### Work instructions
Through the line that contains "Navigate through a", return the data below exactly, starting at its first line; leave the rest out.

○ ○ ○ ○ ○

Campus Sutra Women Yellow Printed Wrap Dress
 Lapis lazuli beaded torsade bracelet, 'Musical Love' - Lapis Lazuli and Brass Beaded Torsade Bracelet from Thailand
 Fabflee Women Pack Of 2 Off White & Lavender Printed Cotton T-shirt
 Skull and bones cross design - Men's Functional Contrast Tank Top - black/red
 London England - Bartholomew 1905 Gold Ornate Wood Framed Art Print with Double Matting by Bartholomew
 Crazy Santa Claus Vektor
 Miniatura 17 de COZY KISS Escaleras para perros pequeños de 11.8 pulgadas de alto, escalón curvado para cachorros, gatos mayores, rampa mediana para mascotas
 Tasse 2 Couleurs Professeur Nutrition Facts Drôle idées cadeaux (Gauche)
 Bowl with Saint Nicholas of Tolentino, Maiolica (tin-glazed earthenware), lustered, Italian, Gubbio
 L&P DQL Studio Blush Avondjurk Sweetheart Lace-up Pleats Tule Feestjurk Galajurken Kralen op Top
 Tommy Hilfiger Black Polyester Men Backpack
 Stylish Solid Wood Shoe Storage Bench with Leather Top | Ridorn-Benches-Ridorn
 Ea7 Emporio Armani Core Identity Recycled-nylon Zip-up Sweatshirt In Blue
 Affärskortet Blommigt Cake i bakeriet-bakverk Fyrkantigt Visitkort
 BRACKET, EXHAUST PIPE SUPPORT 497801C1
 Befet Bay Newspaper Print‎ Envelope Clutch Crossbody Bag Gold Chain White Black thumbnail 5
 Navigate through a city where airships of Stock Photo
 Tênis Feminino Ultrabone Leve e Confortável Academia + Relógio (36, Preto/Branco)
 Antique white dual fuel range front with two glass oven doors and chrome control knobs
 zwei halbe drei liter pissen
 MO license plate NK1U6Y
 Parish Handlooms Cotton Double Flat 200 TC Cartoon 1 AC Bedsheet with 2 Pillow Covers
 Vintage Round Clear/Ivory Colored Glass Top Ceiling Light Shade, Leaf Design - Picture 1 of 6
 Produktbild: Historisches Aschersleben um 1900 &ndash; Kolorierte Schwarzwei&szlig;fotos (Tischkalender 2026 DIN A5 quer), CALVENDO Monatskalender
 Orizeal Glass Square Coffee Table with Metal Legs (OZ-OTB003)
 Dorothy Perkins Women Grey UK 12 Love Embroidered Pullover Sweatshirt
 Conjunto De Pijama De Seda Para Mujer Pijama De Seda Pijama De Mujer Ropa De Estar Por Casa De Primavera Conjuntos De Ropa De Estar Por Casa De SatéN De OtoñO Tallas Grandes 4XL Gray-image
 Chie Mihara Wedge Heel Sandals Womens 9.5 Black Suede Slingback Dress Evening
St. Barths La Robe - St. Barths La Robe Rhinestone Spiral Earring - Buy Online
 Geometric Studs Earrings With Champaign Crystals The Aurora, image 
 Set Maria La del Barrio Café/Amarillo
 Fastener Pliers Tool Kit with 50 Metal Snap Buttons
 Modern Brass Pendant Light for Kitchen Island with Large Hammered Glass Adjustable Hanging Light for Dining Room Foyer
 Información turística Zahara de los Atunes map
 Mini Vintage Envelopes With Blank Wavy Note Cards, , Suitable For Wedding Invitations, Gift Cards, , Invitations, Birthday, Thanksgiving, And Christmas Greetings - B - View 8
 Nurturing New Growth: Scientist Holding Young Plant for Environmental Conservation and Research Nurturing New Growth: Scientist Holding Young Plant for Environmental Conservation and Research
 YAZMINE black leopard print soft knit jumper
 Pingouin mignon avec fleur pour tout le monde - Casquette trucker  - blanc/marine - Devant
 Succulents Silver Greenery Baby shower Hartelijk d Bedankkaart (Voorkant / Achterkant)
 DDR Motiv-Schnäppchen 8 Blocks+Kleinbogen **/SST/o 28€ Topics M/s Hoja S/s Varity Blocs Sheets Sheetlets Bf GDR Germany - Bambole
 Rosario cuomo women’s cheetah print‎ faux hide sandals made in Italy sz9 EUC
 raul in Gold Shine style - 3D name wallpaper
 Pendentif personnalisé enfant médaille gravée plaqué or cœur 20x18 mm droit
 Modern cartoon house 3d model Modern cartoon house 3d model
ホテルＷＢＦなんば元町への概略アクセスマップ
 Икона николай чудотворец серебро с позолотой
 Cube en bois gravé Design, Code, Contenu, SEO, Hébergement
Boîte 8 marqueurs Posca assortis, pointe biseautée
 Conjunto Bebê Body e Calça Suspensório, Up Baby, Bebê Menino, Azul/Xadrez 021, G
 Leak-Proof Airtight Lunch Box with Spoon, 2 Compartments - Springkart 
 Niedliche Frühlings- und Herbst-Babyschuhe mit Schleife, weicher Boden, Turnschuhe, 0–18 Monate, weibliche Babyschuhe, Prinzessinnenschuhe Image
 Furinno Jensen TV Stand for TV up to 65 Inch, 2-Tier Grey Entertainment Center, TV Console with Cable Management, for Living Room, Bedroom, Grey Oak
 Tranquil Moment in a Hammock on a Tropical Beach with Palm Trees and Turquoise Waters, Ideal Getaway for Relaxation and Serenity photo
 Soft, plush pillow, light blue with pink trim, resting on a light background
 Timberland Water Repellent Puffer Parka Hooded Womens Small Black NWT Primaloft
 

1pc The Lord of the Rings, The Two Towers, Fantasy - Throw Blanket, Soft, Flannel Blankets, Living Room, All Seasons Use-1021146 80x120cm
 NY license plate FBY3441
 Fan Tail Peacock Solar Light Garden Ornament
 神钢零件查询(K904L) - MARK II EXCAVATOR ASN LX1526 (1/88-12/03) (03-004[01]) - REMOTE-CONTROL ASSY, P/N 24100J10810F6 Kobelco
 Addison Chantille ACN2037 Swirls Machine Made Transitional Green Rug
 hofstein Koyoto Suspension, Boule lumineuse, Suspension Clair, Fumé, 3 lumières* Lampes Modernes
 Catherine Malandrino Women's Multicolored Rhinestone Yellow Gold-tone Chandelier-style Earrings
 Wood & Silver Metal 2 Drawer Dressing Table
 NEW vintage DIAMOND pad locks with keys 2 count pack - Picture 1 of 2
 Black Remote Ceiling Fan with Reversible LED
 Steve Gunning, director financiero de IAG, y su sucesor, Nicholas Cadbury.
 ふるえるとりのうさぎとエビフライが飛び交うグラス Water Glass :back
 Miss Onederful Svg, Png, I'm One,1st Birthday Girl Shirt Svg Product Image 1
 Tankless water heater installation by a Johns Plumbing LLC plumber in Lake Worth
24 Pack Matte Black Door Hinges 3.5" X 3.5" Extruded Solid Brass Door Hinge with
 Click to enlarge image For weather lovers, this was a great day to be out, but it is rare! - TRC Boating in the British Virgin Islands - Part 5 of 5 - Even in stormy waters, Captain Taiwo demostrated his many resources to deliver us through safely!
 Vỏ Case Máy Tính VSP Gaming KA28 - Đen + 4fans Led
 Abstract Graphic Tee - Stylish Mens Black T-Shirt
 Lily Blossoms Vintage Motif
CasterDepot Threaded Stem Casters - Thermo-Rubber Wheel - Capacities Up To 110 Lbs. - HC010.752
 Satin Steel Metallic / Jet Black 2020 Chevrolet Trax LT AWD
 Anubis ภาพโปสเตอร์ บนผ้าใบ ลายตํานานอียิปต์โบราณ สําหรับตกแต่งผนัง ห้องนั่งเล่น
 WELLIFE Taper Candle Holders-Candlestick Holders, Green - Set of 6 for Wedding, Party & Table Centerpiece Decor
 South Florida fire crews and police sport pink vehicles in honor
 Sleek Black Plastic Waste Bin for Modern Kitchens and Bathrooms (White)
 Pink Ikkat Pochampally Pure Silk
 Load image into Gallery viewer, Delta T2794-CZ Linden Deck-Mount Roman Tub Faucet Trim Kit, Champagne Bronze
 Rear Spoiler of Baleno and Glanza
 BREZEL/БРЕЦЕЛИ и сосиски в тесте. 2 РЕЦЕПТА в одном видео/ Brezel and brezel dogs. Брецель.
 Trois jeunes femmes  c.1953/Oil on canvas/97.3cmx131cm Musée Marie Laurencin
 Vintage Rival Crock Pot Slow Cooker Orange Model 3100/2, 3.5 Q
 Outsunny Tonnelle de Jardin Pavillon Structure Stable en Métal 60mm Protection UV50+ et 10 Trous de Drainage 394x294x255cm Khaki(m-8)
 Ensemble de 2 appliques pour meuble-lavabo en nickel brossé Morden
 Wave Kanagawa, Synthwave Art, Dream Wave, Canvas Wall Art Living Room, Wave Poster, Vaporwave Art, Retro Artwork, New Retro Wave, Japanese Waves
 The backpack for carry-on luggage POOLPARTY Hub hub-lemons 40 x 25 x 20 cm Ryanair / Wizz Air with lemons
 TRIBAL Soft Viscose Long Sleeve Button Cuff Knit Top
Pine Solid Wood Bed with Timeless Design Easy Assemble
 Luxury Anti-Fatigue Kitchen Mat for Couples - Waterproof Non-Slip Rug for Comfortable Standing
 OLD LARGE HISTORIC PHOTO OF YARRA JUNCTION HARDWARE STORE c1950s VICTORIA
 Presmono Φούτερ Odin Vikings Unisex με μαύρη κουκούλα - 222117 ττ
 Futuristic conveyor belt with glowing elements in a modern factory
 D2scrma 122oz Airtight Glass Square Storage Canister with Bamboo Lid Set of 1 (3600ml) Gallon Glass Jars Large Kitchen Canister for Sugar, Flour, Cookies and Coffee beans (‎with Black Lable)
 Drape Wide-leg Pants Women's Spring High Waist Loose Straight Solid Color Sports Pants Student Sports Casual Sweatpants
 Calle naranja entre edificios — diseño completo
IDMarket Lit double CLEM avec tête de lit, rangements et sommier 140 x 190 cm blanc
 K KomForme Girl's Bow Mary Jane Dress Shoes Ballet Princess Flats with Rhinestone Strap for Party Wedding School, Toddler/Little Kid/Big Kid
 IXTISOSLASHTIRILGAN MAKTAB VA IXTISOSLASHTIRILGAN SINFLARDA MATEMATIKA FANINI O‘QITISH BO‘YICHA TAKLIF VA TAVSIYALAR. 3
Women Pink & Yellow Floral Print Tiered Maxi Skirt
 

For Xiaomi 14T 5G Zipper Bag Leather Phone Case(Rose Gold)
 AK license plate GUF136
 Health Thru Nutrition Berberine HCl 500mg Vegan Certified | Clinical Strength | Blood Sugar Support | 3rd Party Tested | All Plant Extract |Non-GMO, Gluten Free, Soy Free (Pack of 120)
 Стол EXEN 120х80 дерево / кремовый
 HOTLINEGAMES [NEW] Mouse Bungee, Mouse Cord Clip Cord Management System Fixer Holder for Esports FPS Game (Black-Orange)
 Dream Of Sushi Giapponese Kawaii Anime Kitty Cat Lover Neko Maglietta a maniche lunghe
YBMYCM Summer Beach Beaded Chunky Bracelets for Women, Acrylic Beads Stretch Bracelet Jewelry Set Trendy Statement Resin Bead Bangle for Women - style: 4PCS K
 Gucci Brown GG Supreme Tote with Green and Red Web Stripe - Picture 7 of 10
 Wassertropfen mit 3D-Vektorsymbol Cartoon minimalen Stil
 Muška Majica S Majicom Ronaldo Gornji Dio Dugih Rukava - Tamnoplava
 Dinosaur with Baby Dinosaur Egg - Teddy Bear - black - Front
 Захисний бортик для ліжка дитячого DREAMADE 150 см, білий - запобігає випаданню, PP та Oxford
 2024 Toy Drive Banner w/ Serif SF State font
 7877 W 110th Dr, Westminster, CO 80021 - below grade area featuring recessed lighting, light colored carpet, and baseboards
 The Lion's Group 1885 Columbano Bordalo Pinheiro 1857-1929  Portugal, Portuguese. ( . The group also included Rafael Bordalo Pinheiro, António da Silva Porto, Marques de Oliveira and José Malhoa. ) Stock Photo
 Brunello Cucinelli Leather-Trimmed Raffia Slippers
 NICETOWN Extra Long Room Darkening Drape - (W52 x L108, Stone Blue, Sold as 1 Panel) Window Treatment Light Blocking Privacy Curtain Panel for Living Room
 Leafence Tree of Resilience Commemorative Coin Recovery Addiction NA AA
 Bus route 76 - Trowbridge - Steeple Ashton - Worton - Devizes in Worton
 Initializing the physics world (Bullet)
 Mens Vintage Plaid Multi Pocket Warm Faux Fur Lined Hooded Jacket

○ ○ ○ ○ ○

### Exercise result
Campus Sutra Women Yellow Printed Wrap Dress
 Lapis lazuli beaded torsade bracelet, 'Musical Love' - Lapis Lazuli and Brass Beaded Torsade Bracelet from Thailand
 Fabflee Women Pack Of 2 Off White & Lavender Printed Cotton T-shirt
 Skull and bones cross design - Men's Functional Contrast Tank Top - black/red
 London England - Bartholomew 1905 Gold Ornate Wood Framed Art Print with Double Matting by Bartholomew
 Crazy Santa Claus Vektor
 Miniatura 17 de COZY KISS Escaleras para perros pequeños de 11.8 pulgadas de alto, escalón curvado para cachorros, gatos mayores, rampa mediana para mascotas
 Tasse 2 Couleurs Professeur Nutrition Facts Drôle idées cadeaux (Gauche)
 Bowl with Saint Nicholas of Tolentino, Maiolica (tin-glazed earthenware), lustered, Italian, Gubbio
 L&P DQL Studio Blush Avondjurk Sweetheart Lace-up Pleats Tule Feestjurk Galajurken Kralen op Top
 Tommy Hilfiger Black Polyester Men Backpack
 Stylish Solid Wood Shoe Storage Bench with Leather Top | Ridorn-Benches-Ridorn
 Ea7 Emporio Armani Core Identity Recycled-nylon Zip-up Sweatshirt In Blue
 Affärskortet Blommigt Cake i bakeriet-bakverk Fyrkantigt Visitkort
 BRACKET, EXHAUST PIPE SUPPORT 497801C1
 Befet Bay Newspaper Print‎ Envelope Clutch Crossbody Bag Gold Chain White Black thumbnail 5
 Navigate through a city where airships of Stock Photo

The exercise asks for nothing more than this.